-- RECORDS SHOWN follows --
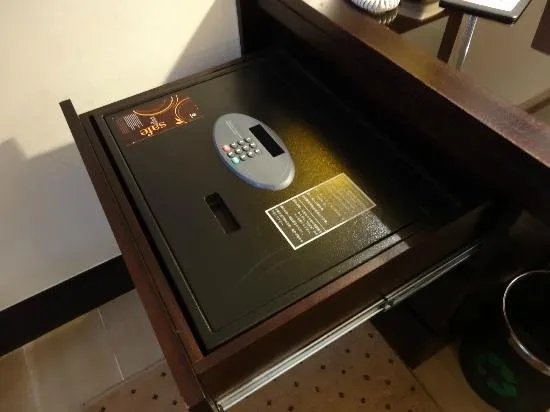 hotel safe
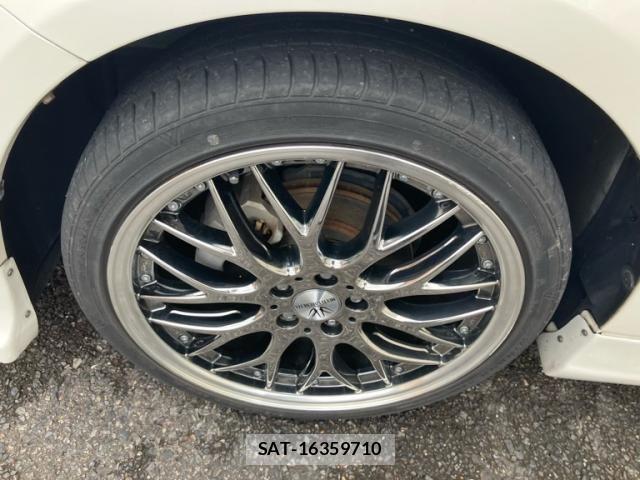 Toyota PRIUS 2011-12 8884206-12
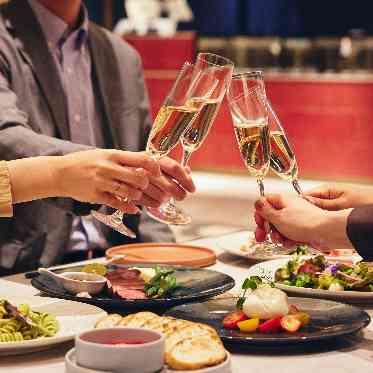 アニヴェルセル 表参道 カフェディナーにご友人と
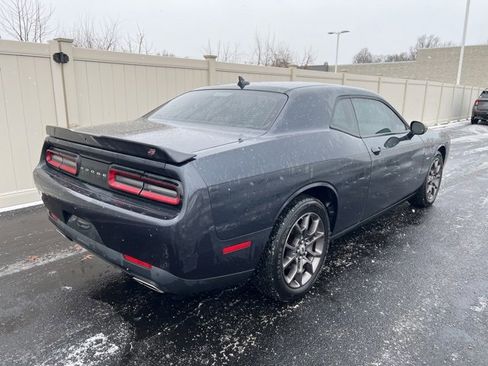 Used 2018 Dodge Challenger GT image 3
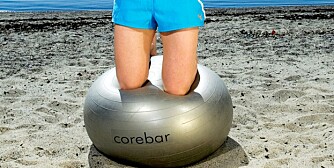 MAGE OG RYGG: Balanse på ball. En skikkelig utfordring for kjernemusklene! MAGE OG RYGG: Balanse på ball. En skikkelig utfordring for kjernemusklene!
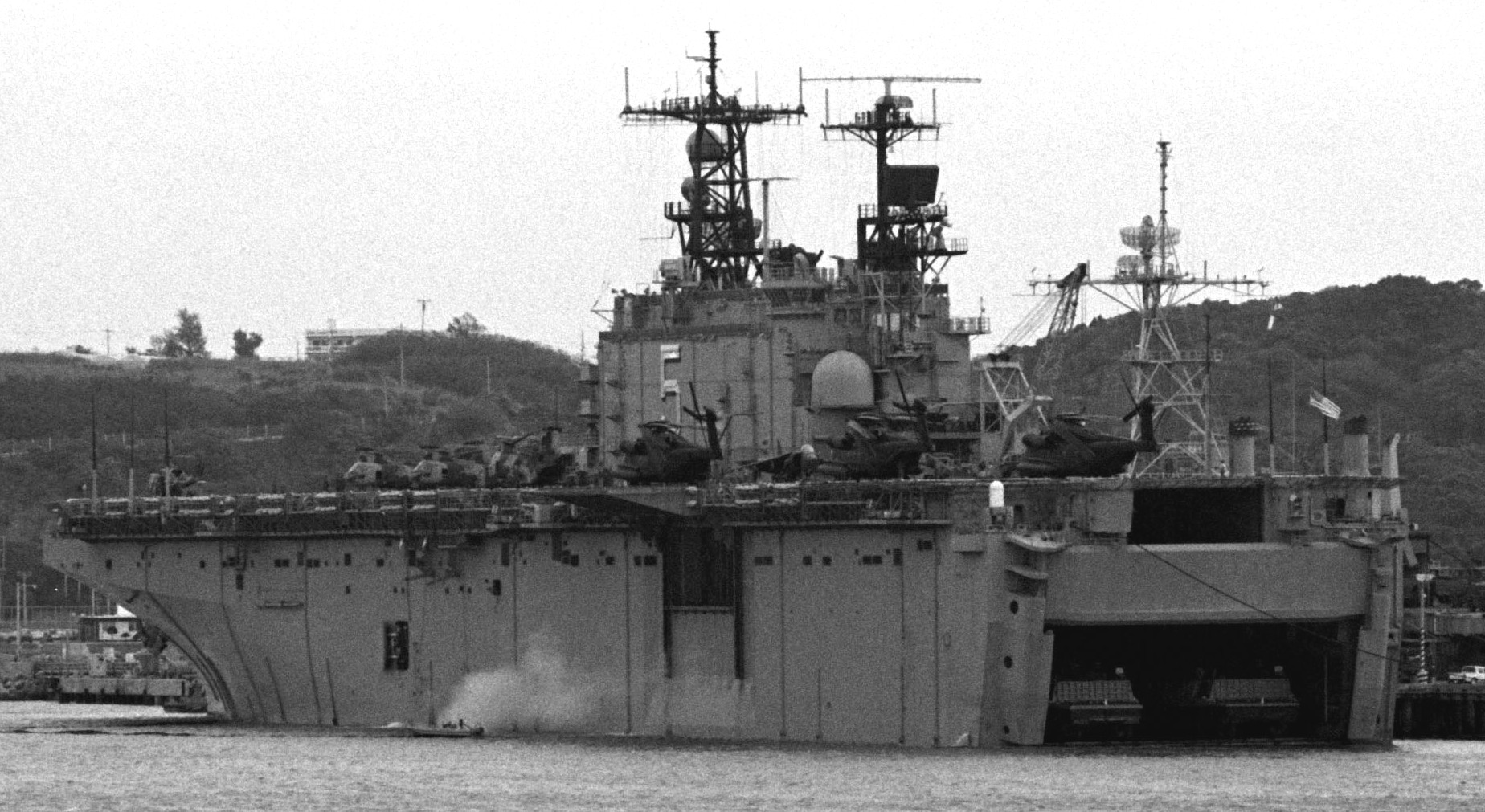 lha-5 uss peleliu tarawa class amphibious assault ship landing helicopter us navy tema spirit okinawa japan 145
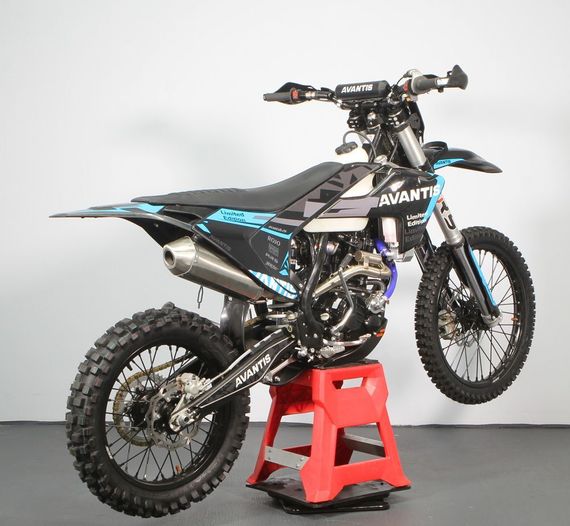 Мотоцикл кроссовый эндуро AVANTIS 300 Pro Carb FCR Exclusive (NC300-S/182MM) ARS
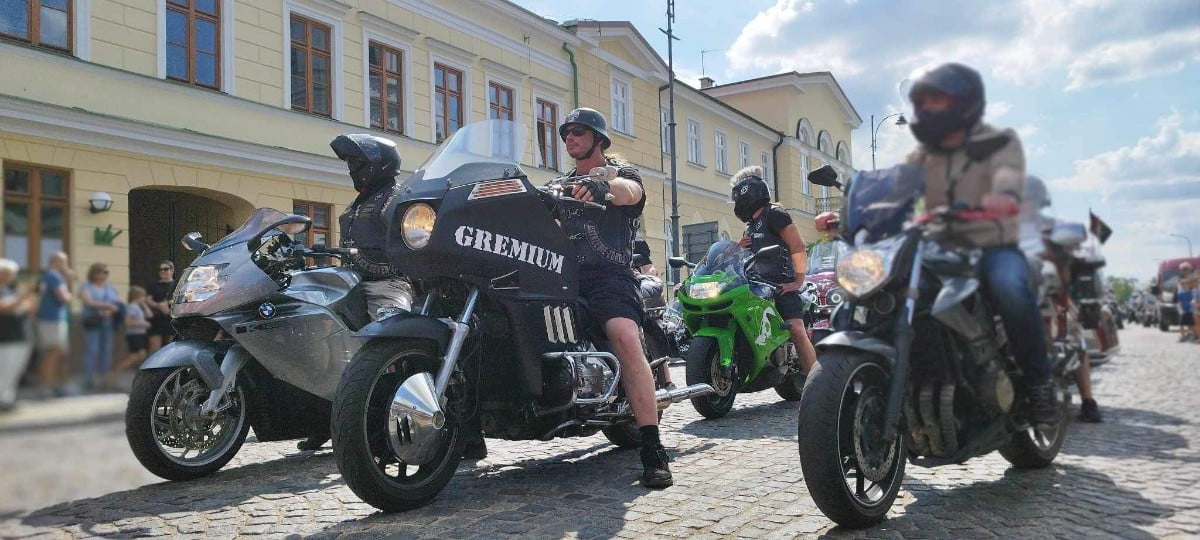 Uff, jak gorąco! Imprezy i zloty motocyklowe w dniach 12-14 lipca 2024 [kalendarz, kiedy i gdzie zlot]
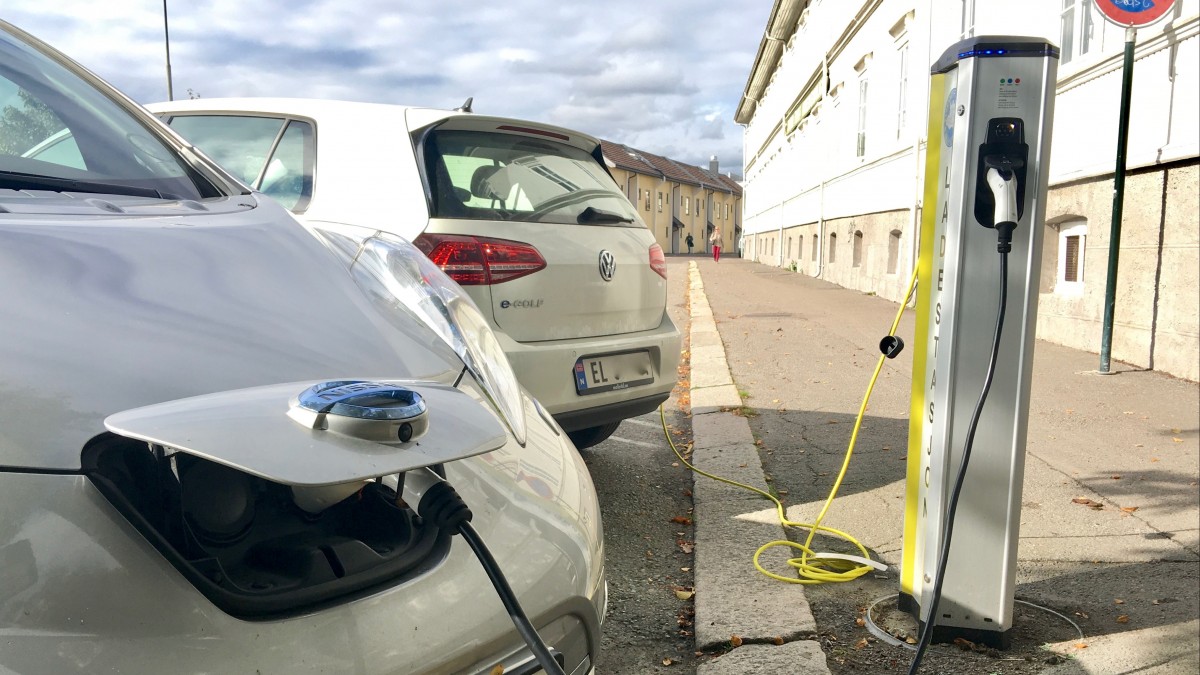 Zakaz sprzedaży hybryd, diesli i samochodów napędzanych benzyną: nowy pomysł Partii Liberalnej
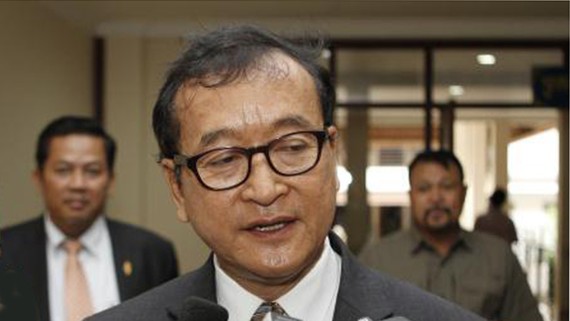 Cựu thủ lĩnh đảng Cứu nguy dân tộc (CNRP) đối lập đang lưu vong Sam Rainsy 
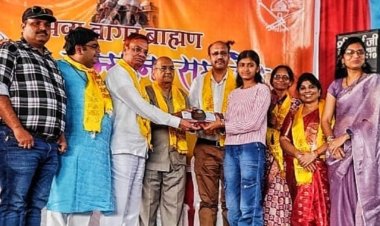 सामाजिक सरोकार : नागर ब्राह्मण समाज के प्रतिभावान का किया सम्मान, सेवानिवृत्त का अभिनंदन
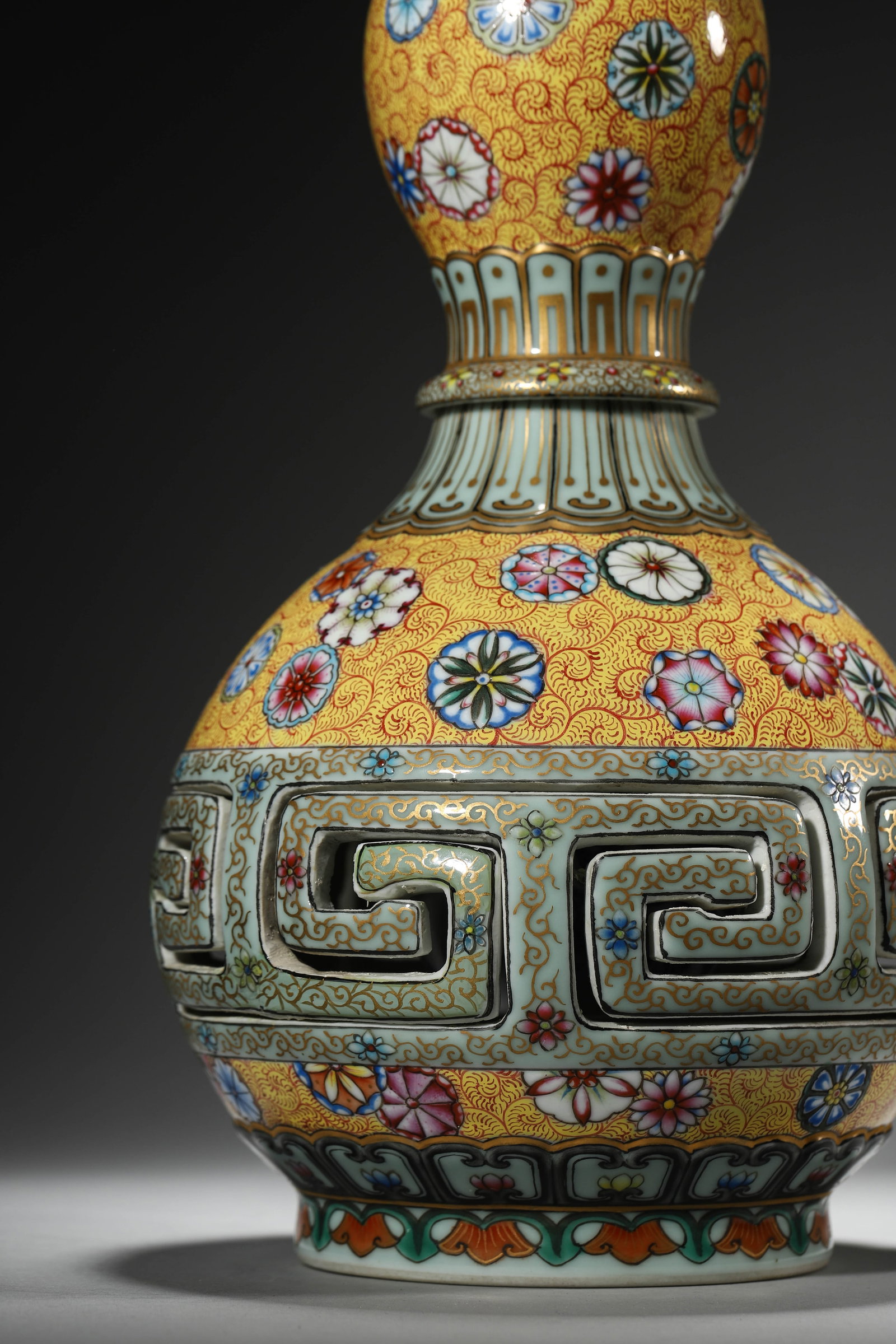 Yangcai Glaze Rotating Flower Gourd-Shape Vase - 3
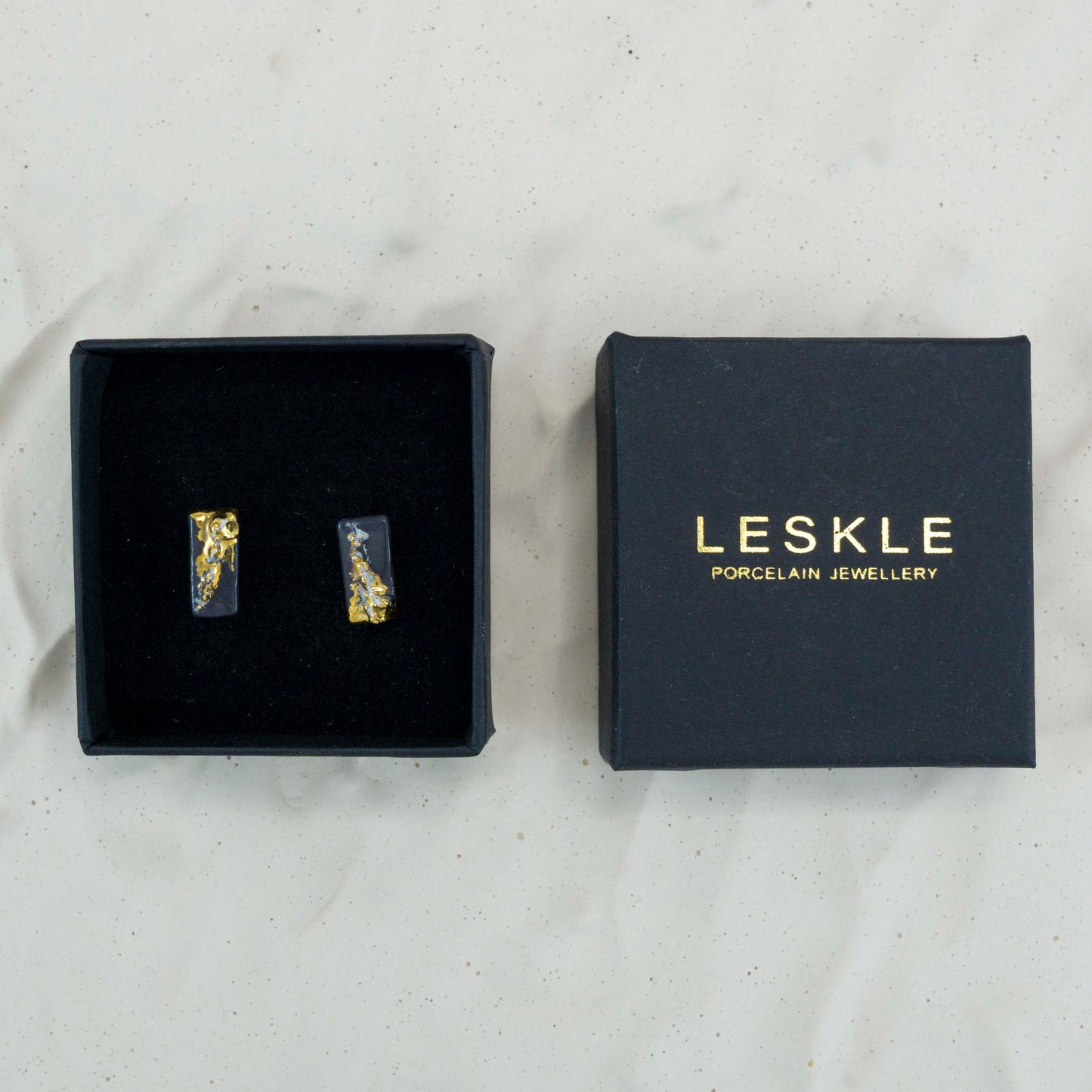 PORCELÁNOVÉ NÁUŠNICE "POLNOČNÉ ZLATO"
-- RECORDS SHOWN concluded --
## WHAT YOU HAVE TO DO
Return every entry above exactly. Pictures stay out.

## THE ANSWER
 hotel safe
 Toyota PRIUS 2011-12 8884206-12
 アニヴェルセル 表参道 カフェディナーにご友人と
 Used 2018 Dodge Challenger GT image 3
 MAGE OG RYGG: Balanse på ball. En skikkelig utfordring for kjernemusklene! MAGE OG RYGG: Balanse på ball. En skikkelig utfordring for kjernemusklene!
 lha-5 uss peleliu tarawa class amphibious assault ship landing helicopter us navy tema spirit okinawa japan 145
 Мотоцикл кроссовый эндуро AVANTIS 300 Pro Carb FCR Exclusive (NC300-S/182MM) ARS
 Uff, jak gorąco! Imprezy i zloty motocyklowe w dniach 12-14 lipca 2024 [kalendarz, kiedy i gdzie zlot]
 Zakaz sprzedaży hybryd, diesli i samochodów napędzanych benzyną: nowy pomysł Partii Liberalnej
 Cựu thủ lĩnh đảng Cứu nguy dân tộc (CNRP) đối lập đang lưu vong Sam Rainsy 
 सामाजिक सरोकार : नागर ब्राह्मण समाज के प्रतिभावान का किया सम्मान, सेवानिवृत्त का अभिनंदन
 Yangcai Glaze Rotating Flower Gourd-Shape Vase - 3
 PORCELÁNOVÉ NÁUŠNICE "POLNOČNÉ ZLATO"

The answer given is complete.